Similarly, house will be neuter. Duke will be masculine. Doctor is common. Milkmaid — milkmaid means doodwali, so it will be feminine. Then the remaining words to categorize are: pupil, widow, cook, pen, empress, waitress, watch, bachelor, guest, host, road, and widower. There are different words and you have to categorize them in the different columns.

* * *

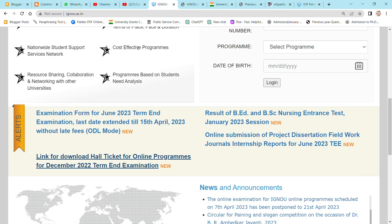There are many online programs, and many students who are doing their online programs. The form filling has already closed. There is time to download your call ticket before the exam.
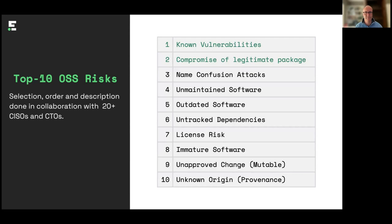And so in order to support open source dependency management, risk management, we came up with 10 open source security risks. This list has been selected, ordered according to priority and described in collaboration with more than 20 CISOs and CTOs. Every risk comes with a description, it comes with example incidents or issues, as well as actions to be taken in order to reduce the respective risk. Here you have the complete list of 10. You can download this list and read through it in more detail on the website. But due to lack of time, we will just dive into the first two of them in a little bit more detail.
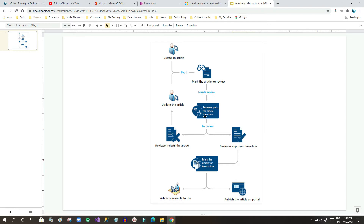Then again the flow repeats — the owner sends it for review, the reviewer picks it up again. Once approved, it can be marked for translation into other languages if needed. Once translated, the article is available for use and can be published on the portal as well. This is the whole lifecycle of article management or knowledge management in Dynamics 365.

■ Directions for this task
What's needed is an exact copy of the lines above from the one with "And so in order" through the one with "Then again the", both included; the pictures stay out.

■ Solution to this exercise
And so in order to support open source dependency management, risk management, we came up with 10 open source security risks. This list has been selected, ordered according to priority and described in collaboration with more than 20 CISOs and CTOs. Every risk comes with a description, it comes with example incidents or issues, as well as actions to be taken in order to reduce the respective risk. Here you have the complete list of 10. You can download this list and read through it in more detail on the website. But due to lack of time, we will just dive into the first two of them in a little bit more detail.
Then again the flow repeats — the owner sends it for review, the reviewer picks it up again. Once approved, it can be marked for translation into other languages if needed. Once translated, the article is available for use and can be published on the portal as well. This is the whole lifecycle of article management or knowledge management in Dynamics 365.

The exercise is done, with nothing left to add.